So you obtained a division of an awarded plant, is that it?


----------



## John M (Dec 24, 2017)

CambriaWhat said:


> So you obtained a division of an awarded plant, is that it?



*Yes. This is a division of the awarded plant, not a selfing or outcross. If it was a cross using the awarded plant as one parent, the title of this thread would say "x sib", or "x 'other parent's clonal name'". If it was a selfing, the thread title would say "x self".*

*Honestly, I thought this was clear because of the subject of this thread along with what I said in my opening post. I have never, ever, given anybody reason to doubt me. I do not play fast and loose with the true identity of my plants. It is dishonest to identify an offspring with just one parent's name without the "x self" or "x sib" attached. Plus, I paid Sam $US400.00 for this division.....it had better be an actual piece of the original plant, as promised by Sam....unless you know something about Sam's ethics that I don't?*


----------



## Ozpaph (Dec 24, 2017)

I trust Sam and I'd trust you.
Im sorry if you've been offended.


----------



## Happypaphy7 (Dec 24, 2017)

Hopefully it'll work in the future. 
Good luck!


----------



## John M (Dec 24, 2017)

Ozpaph said:


> I trust Sam and I'd trust you.
> Im sorry if you've been offended.



Oops, I do come off as a bit grumpy, don't I? 'Didn't mean that....sorry. But, as I reread my post now....yeah, it does have an edge to it. I just wanted to be clear and get the record straight, once and for all. Whether or not this was an actual division had been dealt with twice already (by what and how I posted in my first post and by your initial confirmation inquiry). So, I guess my grumpy side showed a bit when the question of authenticity came up again.
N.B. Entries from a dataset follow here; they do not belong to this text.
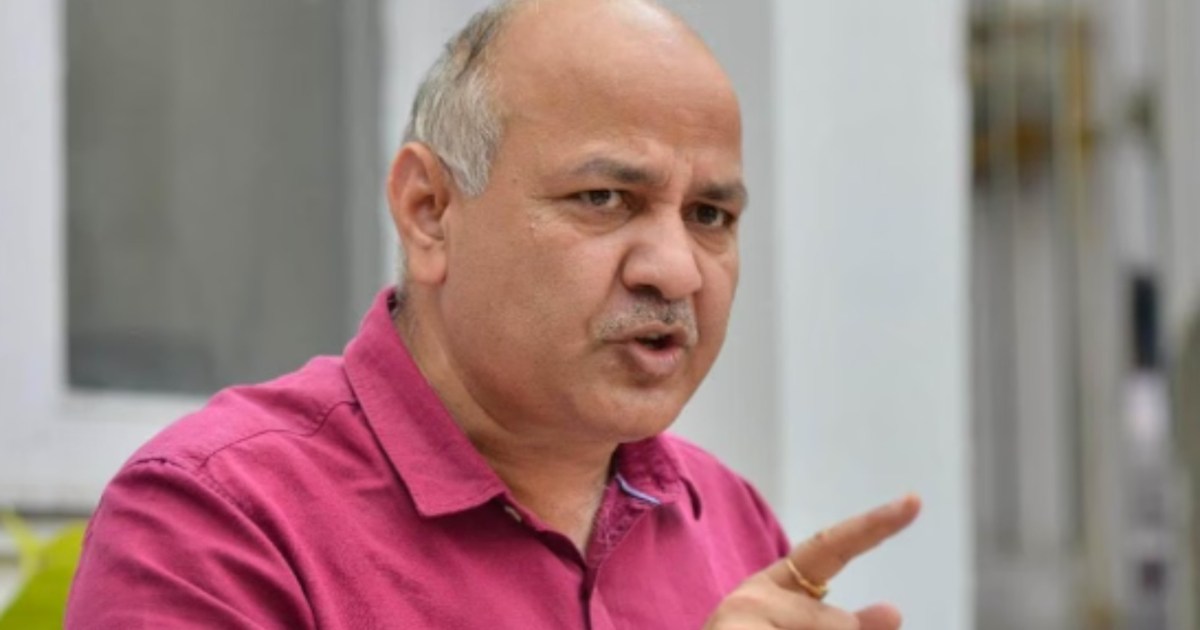 Delhi High Court gives blow to former Deputy CM Manish Sisod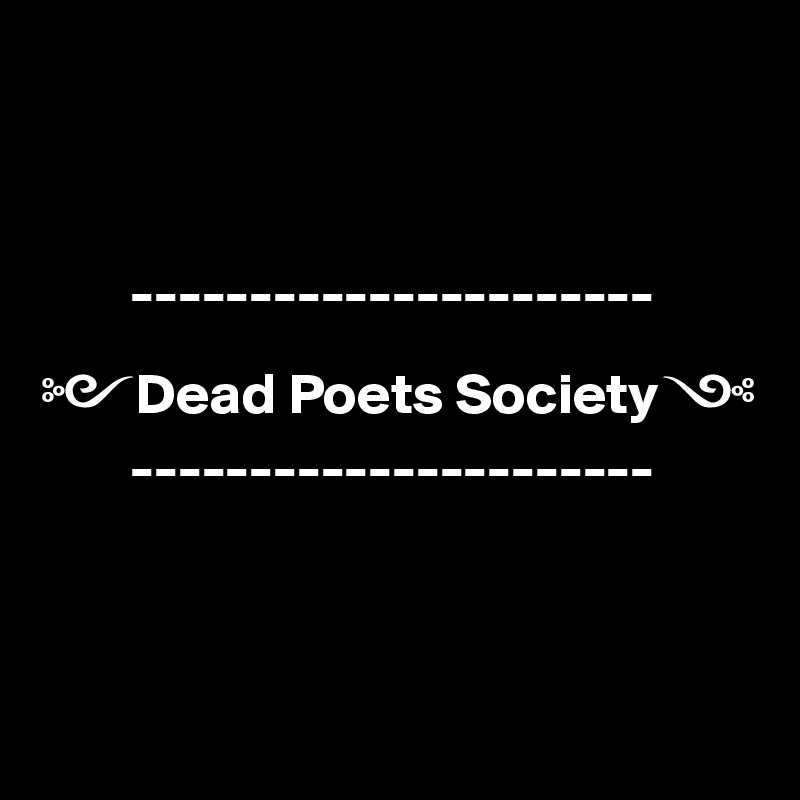 



        ----------------------

?Dead Poets Society?
        ----------------------



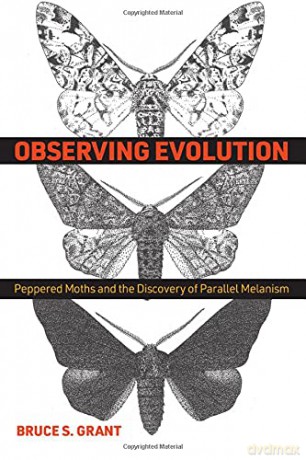 Observing Evolution: Peppered Moths and the Discovery of Parallel Melanism - Bruce S. Grant [KSIĄŻKA]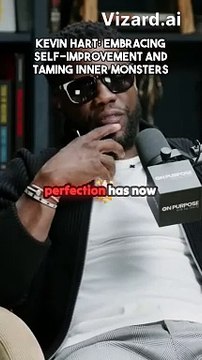 Kevin Hart_ Embracing self-improvement and taming inner monsters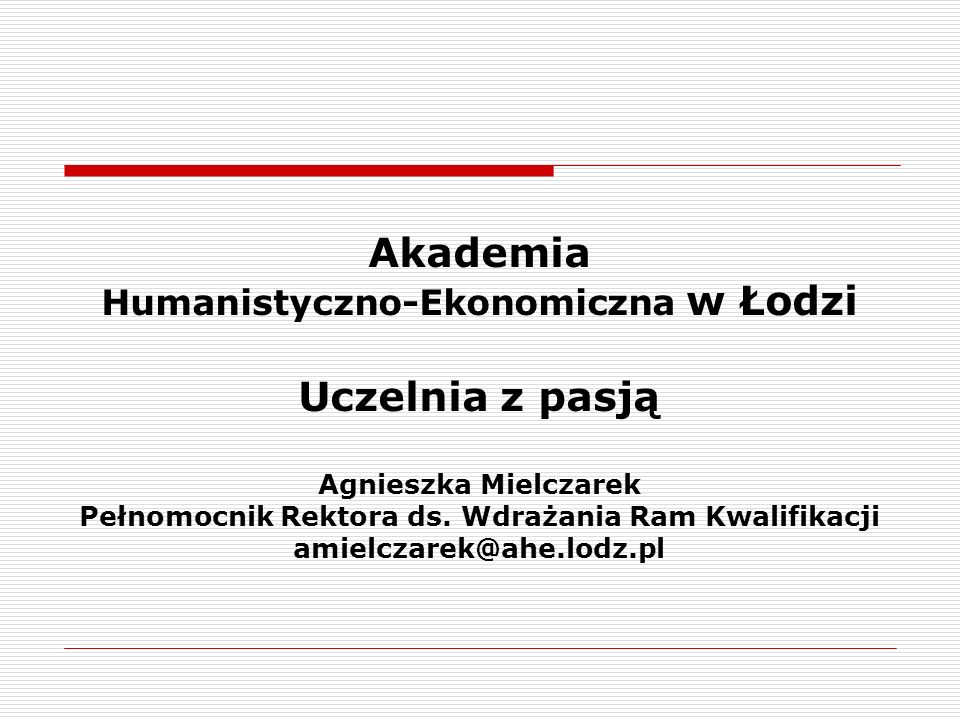 Akademia Humanistyczno-Ekonomiczna w Łodzi Uczelnia z pasją Agnieszka Mielczarek Pełnomocnik Rektora ds.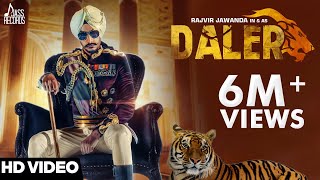 Daler | Rajvir Jawanda Ft. MixSingh | ( Full HD) | Punjabi Song 2017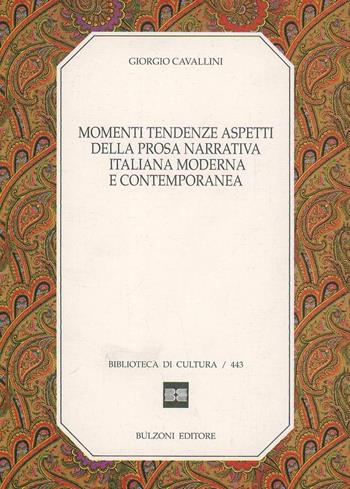 Momenti tendenze aspetti della prosa narrativa italiana moderna e contemporanea - Giorgio Cavallini - Libro Bulzoni 1992, Biblioteca di cultura | Libraccio.it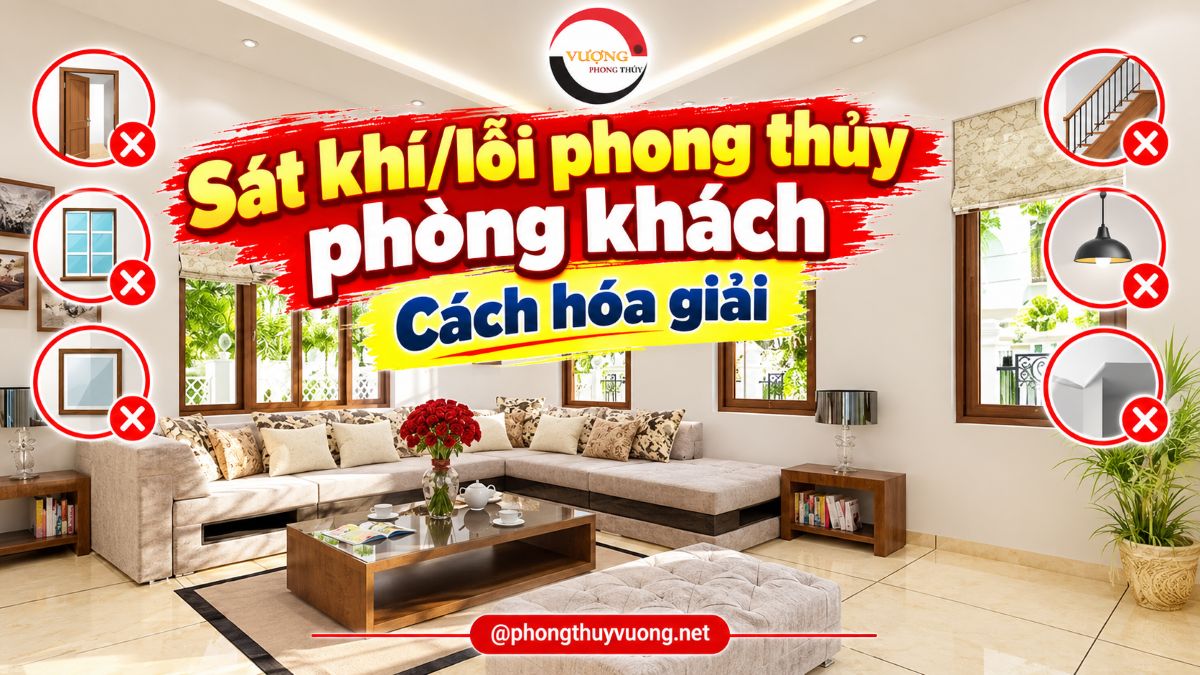 Sát khí/lỗi phong thủy phòng khách và Cách hóa giải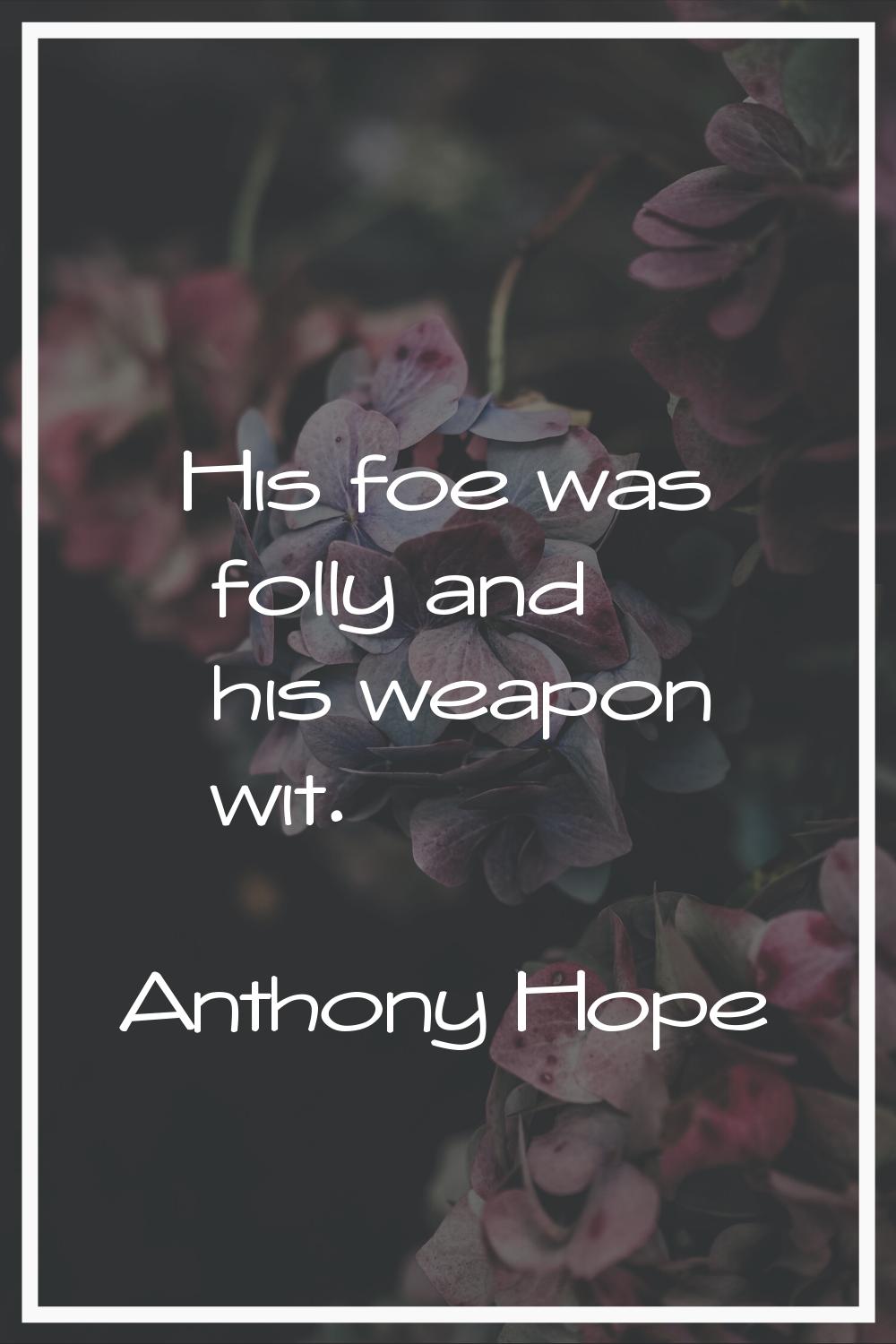 His foe was folly and his weapon wit.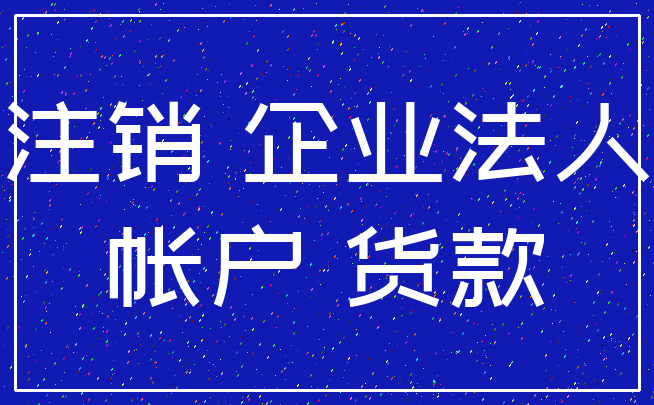 注销 企业法人_帐户 货款
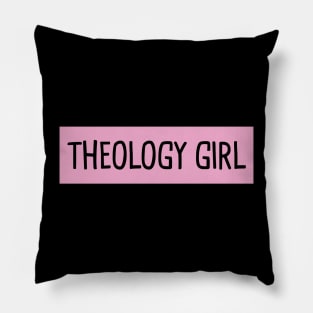 Theology Girl Pillow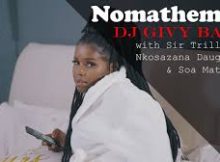 Dj Givy Baby - Nomathemba ft. Nkosazana Daughter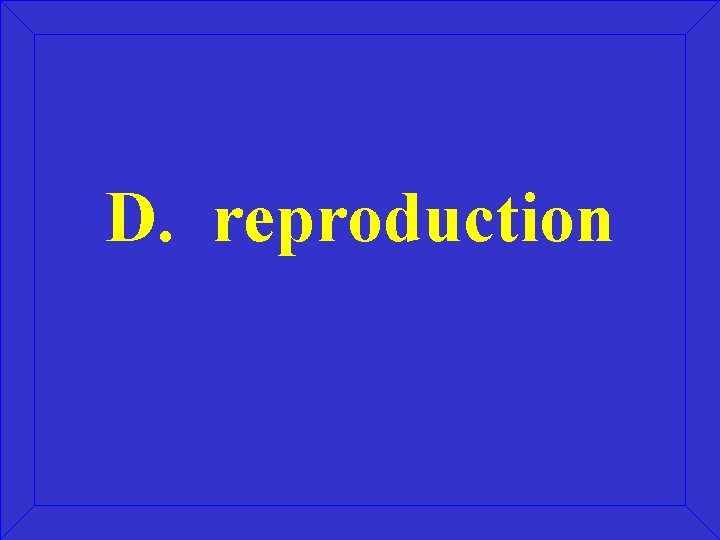 D. reproduction 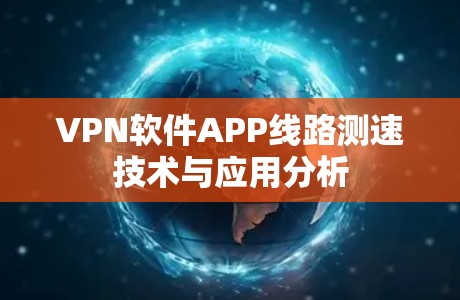 VPN软件APP线路测速技术与应用分析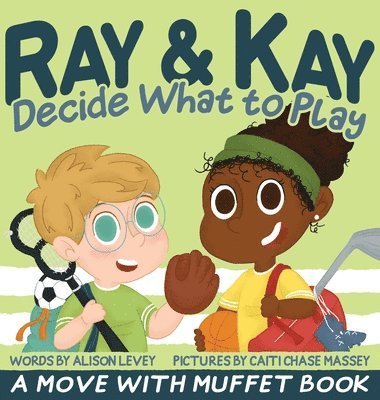 Ray & Kay Decide What to Play 1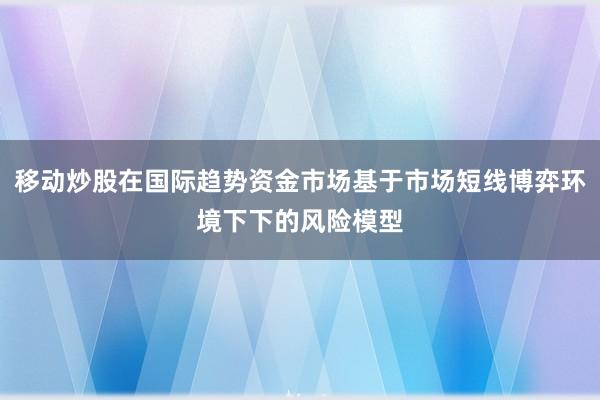 移动炒股在国际趋势资金市场基于市场短线博弈环境下下的风险模型
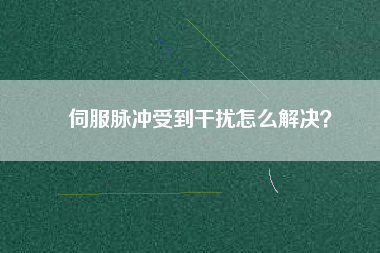 伺服脈沖受到干擾怎么解決？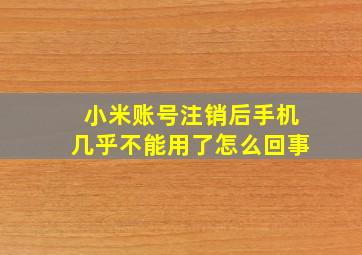 小米账号注销后手机几乎不能用了怎么回事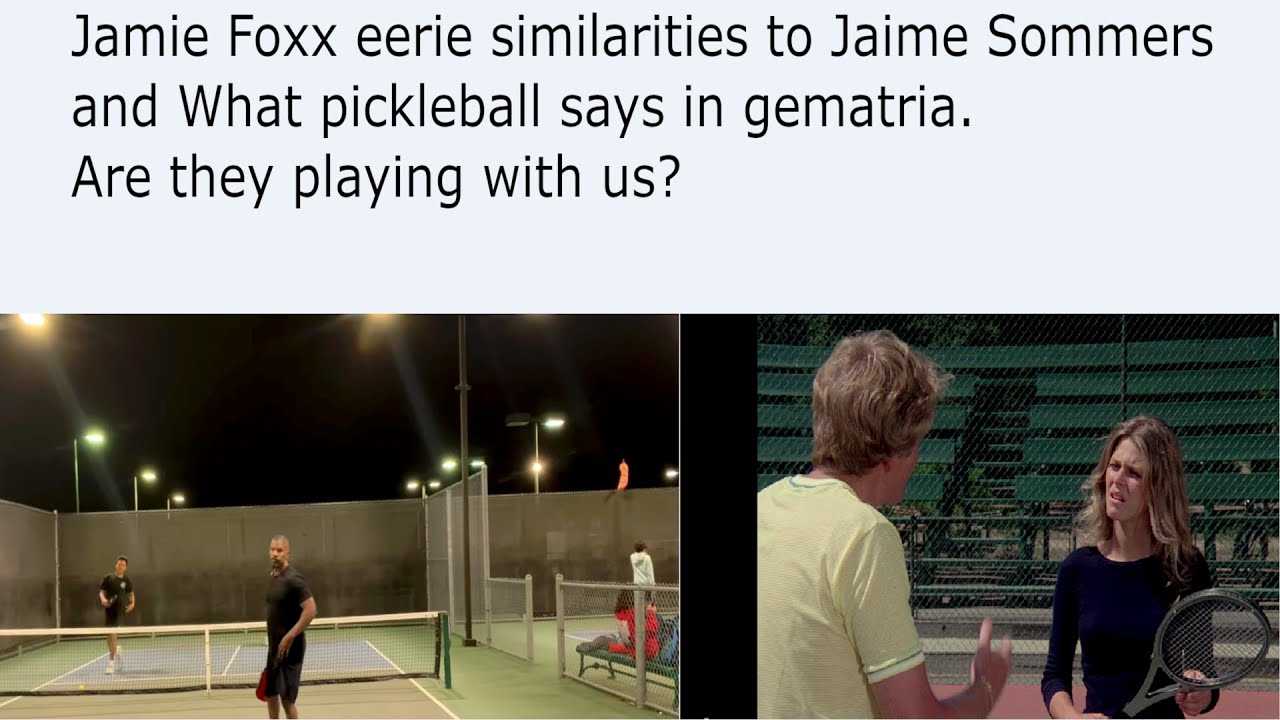 Jamie Foxx eerie similarities to Jaime Sommers and What pickleball says
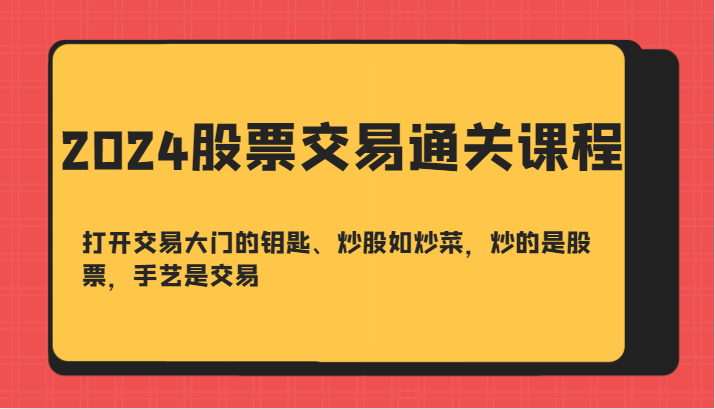 2024股票交易通关课-打开交易大门的钥匙、炒股如炒菜，炒的是股票，手艺是交易-云创网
People do often write names incorrectly and while I presume it is most often an ignorant mistake, it's a known fact that sometimes it's a deliberate attempt at being dishonest. It's done to impress people, or increase the perceived value of a plant in the case of a plant for sale. So, it was not entirely unreasonable for you or anyone else to double check with me that the plant was what the subject line says it is....a true division of the awarded clone. However, being asked a second time is beating a dead horse. I already confirmed it's a division. What more can I say? However, something that I didn't think at the time, is that perhaps CambriaWhat had not read all the other posts in the thread and therefore, didn't realize the authenticity question had been dealt with and made perfectly clear, already.


----------



## Ozpaph (Dec 24, 2017)

I hear you.
Merry Christmas , John.


----------



## John M (Dec 24, 2017)

Merry Christmas!


----------



## NYEric (Dec 27, 2017)

I'm glad I revisited this thread. I was about to ask for one of these from Sam!!!  

Sent from my SM-G900T using Tapatalk


----------



## Guldal (Dec 27, 2017)

John M said:


> Oops, I do come off as a bit grumpy, don't I?


We all do, once in a while, don't we! :wink:

Merry Christmas - and Peace on Earth and Goodwill to All Men!


----------